永禄五年(1562年) 四月上旬 丹波国 桐野河内 伊勢虎福丸
摩氣神社の境内に入る。甲冑は着ていない。軽装だ。周りを堤三郎兵衛、河村権之助ら家臣たちが固める。波多野勢二千は逃げるように去っていった。呆気ないものだ。戦になると思ったが。

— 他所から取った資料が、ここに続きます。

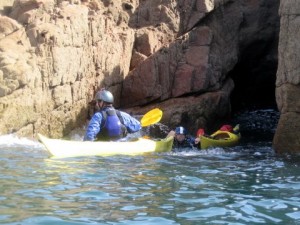 kayaker helping paddler get out of a cave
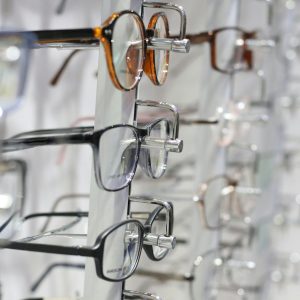 silver framed eyeglasses on clear glass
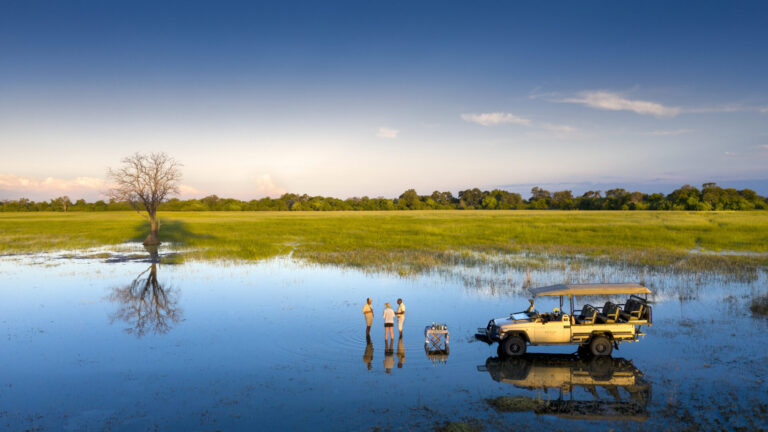 Three people stand in shallow water beside a safari vehicle enjoying drinks in the Okavango Delta at sunset.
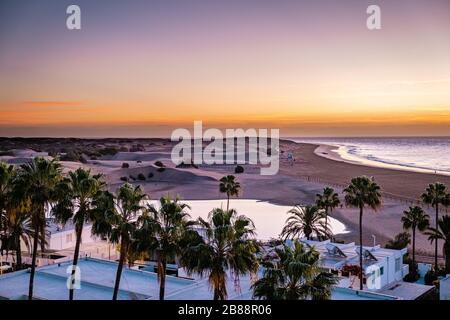 Sand dunes beach of Maspalomas Gran Canaria during sunrise Stock Photo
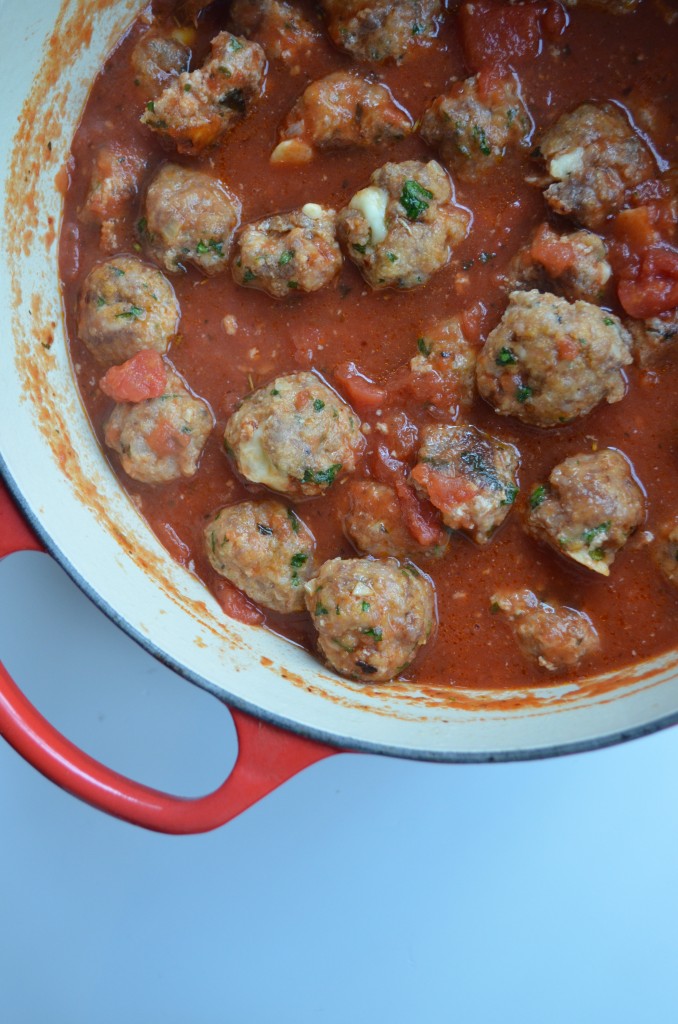 Spicy Smoked Mozzarella Stuffed Meatballs with Tomato Sauce From Scratch with Maria Provenzano Click for recipe!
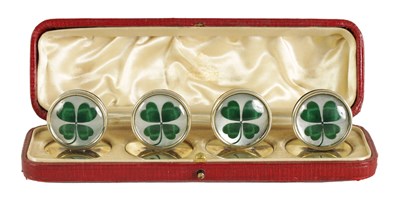 Lot 344 - A CASED SET OF FOUR SILVER AND MOTHER OF PEARL SHAMROCK MENU HOLDERS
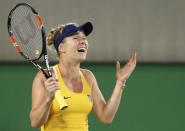 Elina Svitolina of Ukraine celebrates after winning her match against Serena Williams. REUTERS/Kevin Lamarque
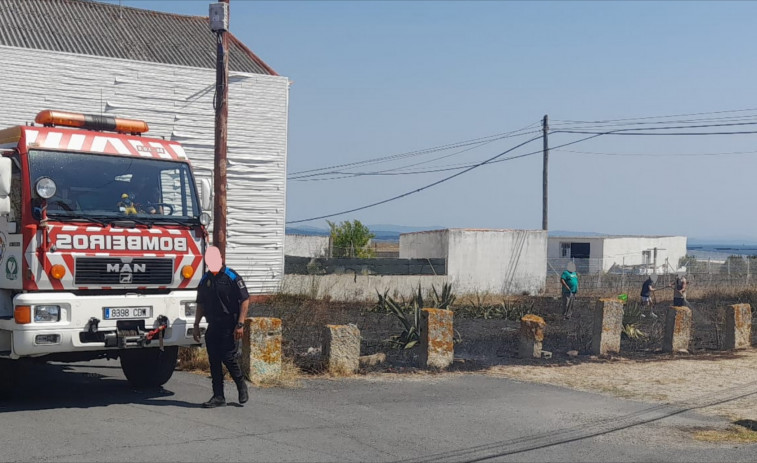 Declarado un incendio forestal en una finca privada próxima a viviendas y a una pasarela de madera en Ribeira
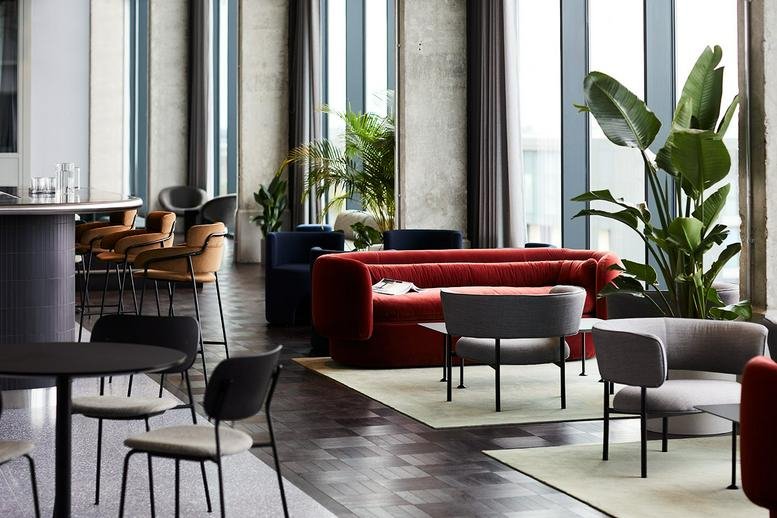 Spacious lounge area with a plush red sofa, grey armchairs, and floor-to-ceiling windows.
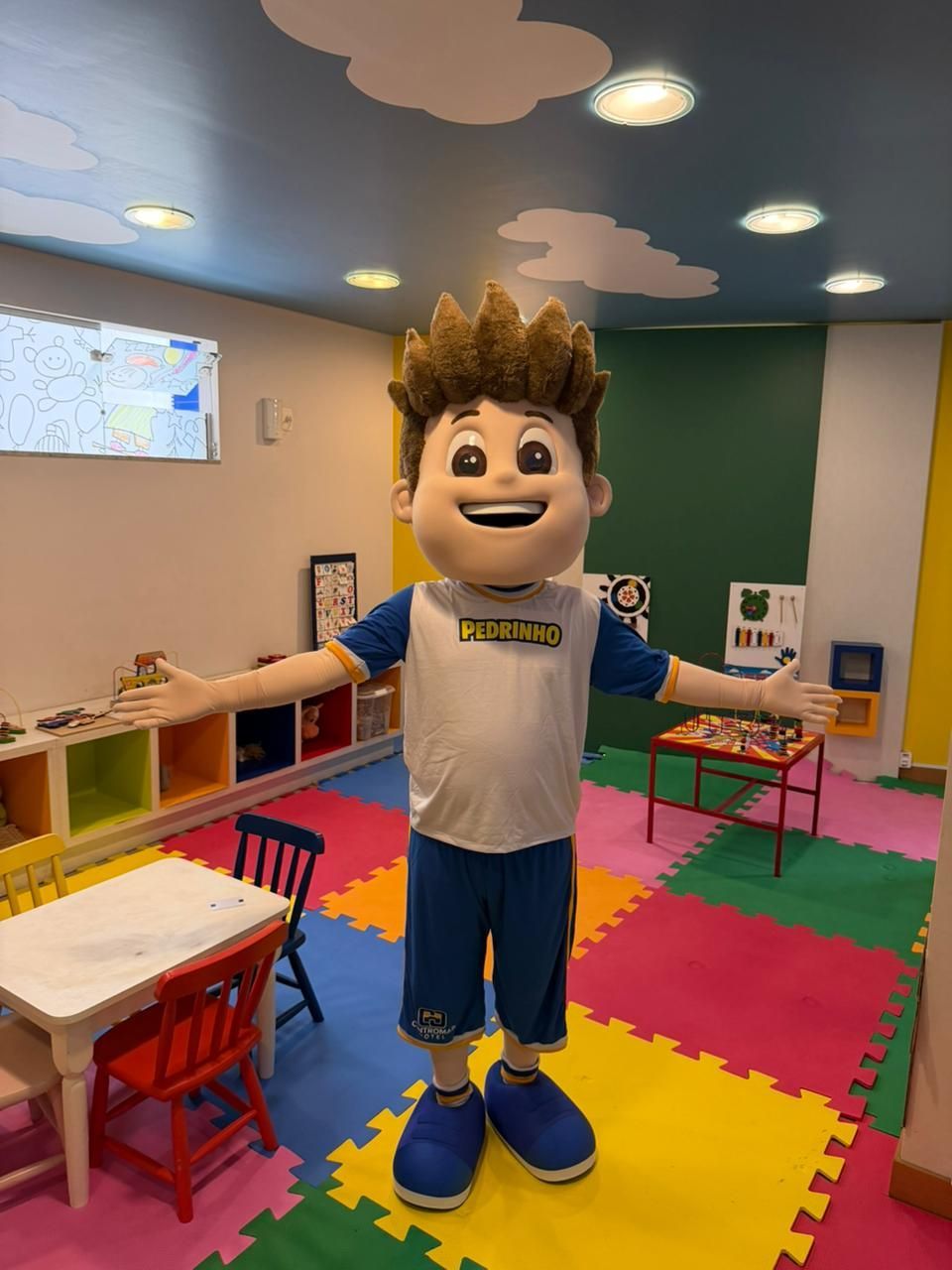 Uma sala de jogos colorida com mesas, cadeiras e uma televisão.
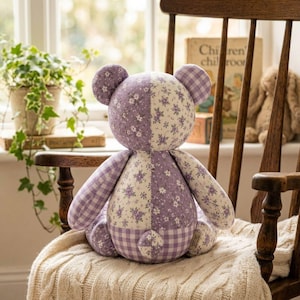 May include: A stuffed bear toy featuring a patchwork design of lavender and white fabrics. The bear is constructed from alternating panels of floral patterns and a classic gingham check print, with rounded ears and a small tail on the back.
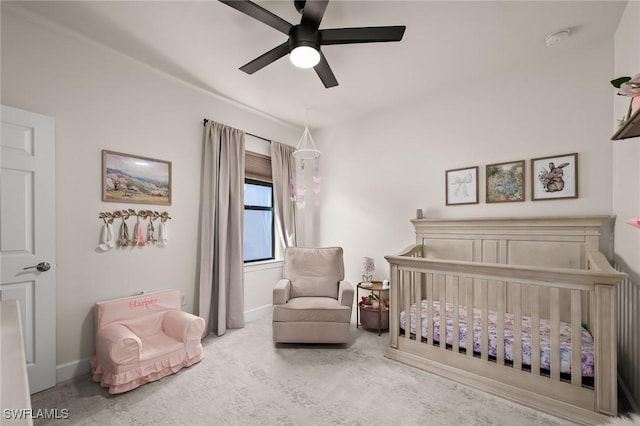 carpeted bedroom featuring a nursery area, a ceiling fan, and baseboards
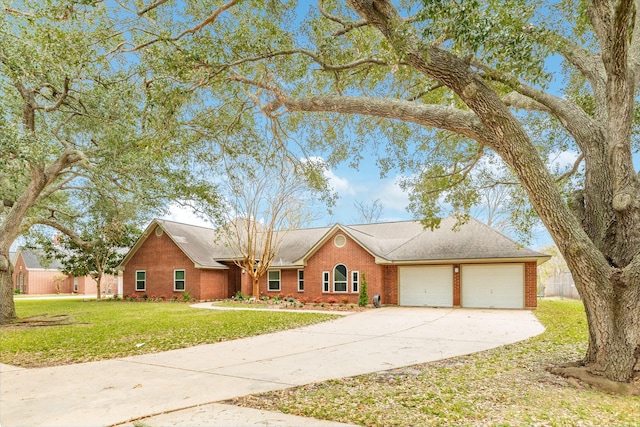 view of front facade featuring an attached garage, a front lawn, driveway, and brick siding
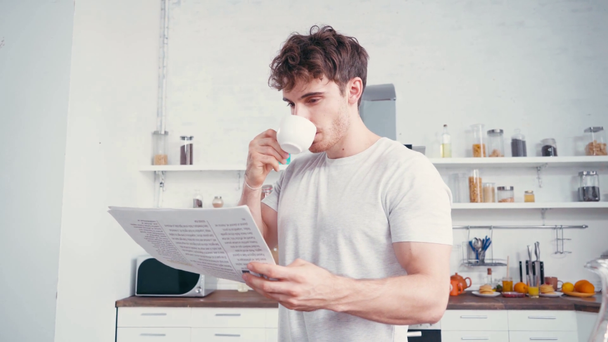 Νεαρός διαβάζει εφημερίδα πίνοντας καφέ στην κουζίνα  - Πλάνα, βίντεο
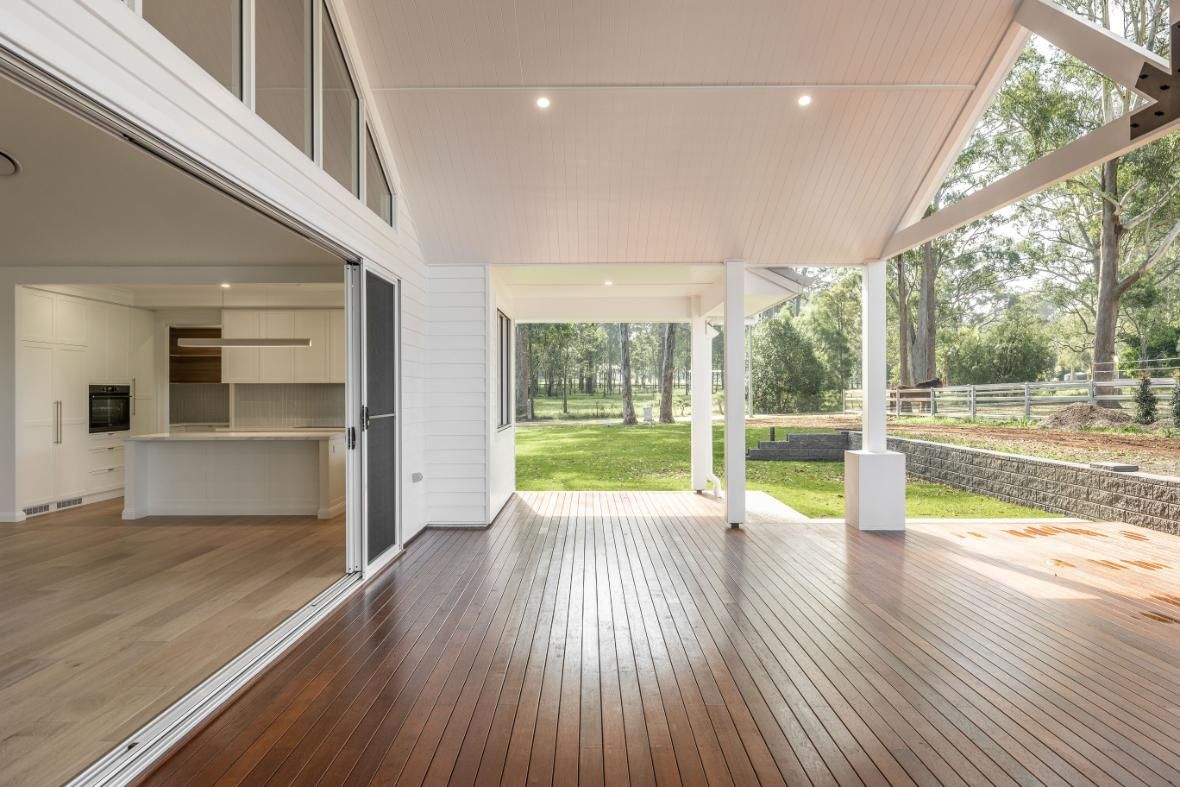 An Empty House With a Glass Doors — Windamere Homes in Highfields, QLD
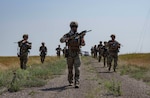 Airmen walk through a field.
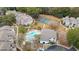 Aerial view of community pool, tennis courts, and building at 265 Alexandra Dr # 10, Mount Pleasant, SC 29464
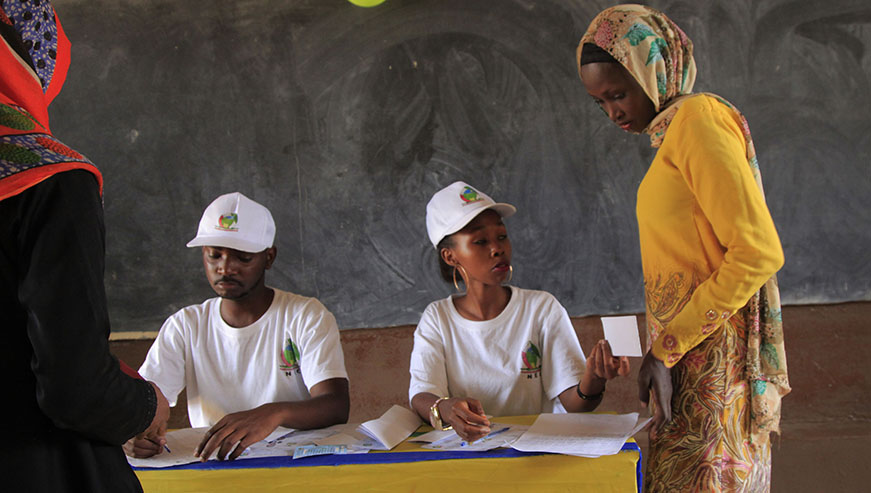 Volunteers help voters at Groupe Scolaire Camp Kigali in Nyarugenge District during the presidential elections held in August last year. The National Electoral Commission says at least seven million voters will take part in the September parliamentary polls. Sam Ngendahimana.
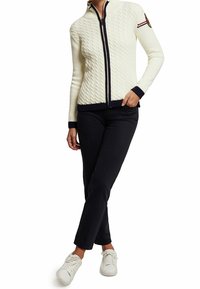 Kabelstickad krämfärgad cardigan med dragkedja framtill, marinblå detaljer och logotypmärke. Såld tillsammans med mörka byxor och vita sneakers.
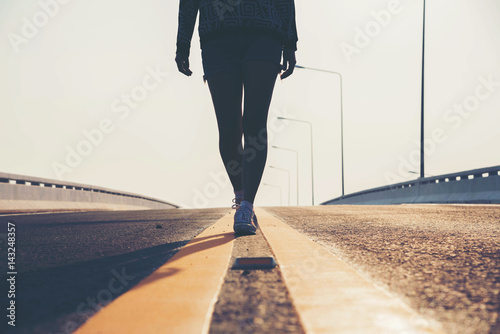 silhouette woman  walking on street in the sunset.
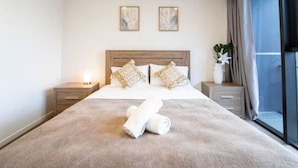 A hotel room with a large bed, two bedside tables, a nightstand, a window with curtains, and two wall-mounted artworks. - Prime Spot: Modern 2BD/2BA with Pool & Parking M1 (South Brisbane)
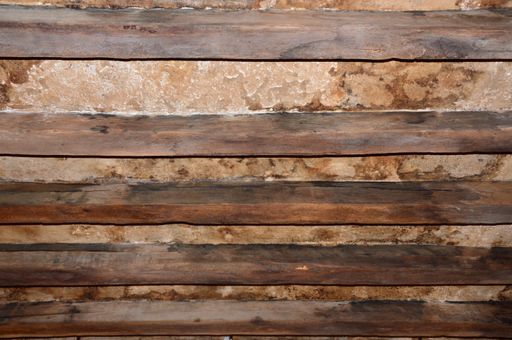 The ceiling of an old  building damaged by water leakage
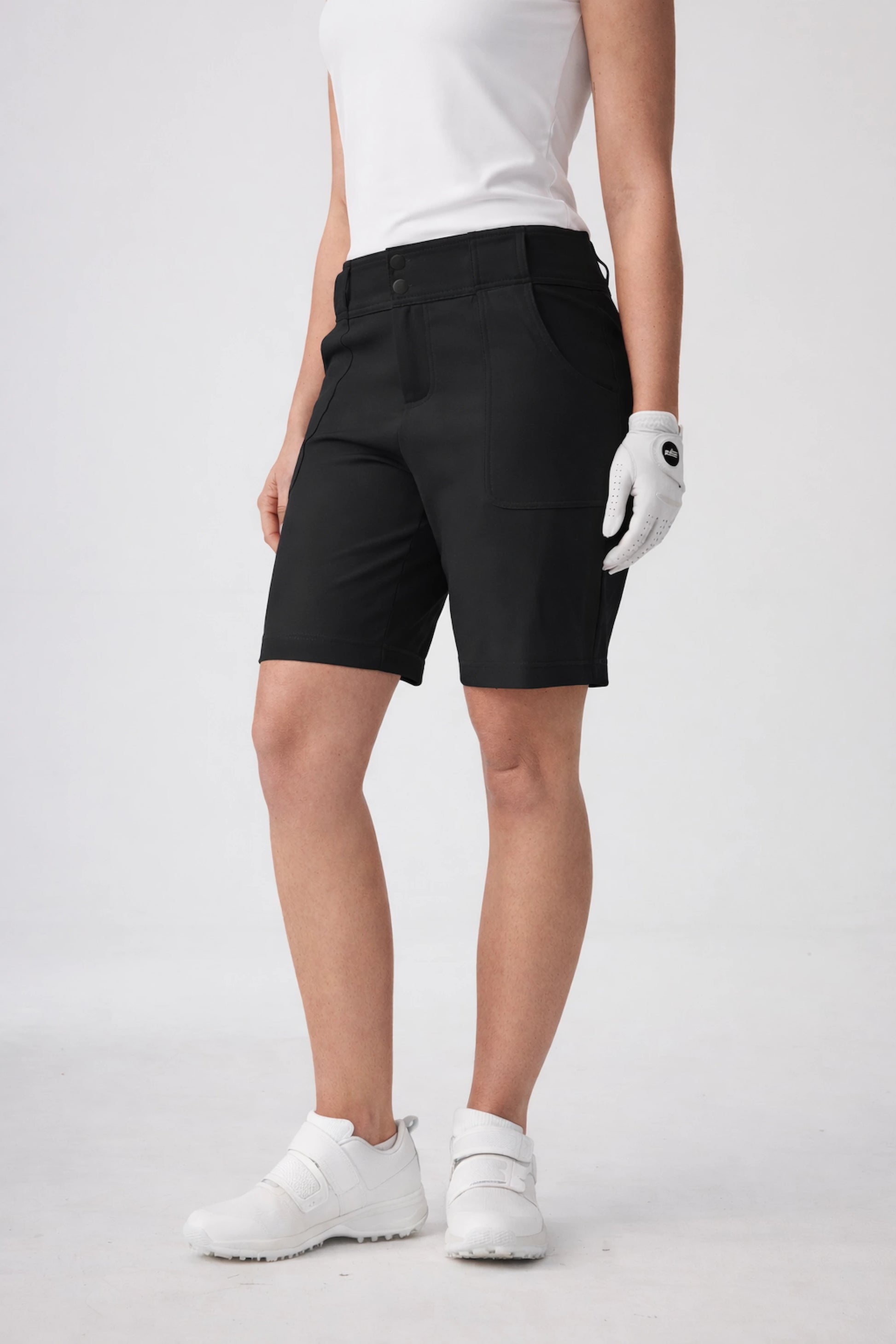 Side front view of model wearing women’s tailored utility bermuda golf shorts in black with a tailored fit and knee-length silhouette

境内には巫女たちがいた。十人くらいだろうか。見たことがない若い女たちだ。
「ど、どうかお命だけはご容赦を」
巫女の一人が慌てて床に這いつくばる。他の巫女たちも土下座した。怖がられたものだ。
「波多野の女衆か。手出し無用と命じてある。俺は伊勢虎福丸。どうだ。俺に仕えぬか」
「つ、仕える……」
巫女の目が見開かれた。
「そなたたちは見捨てられた。波多野に先はないぞ」
巫女たちが顔を上げ、顔を見合わせた。
「伊勢家は豊かだ。良いところだぞ。波多野なんぞについていれば殺されるだけだ。どうかな?」
巫女たちが頷いた。良かった。これで血を見ることはあるまい。
これで波多野がどう出るか。お手並み拝見といこうか。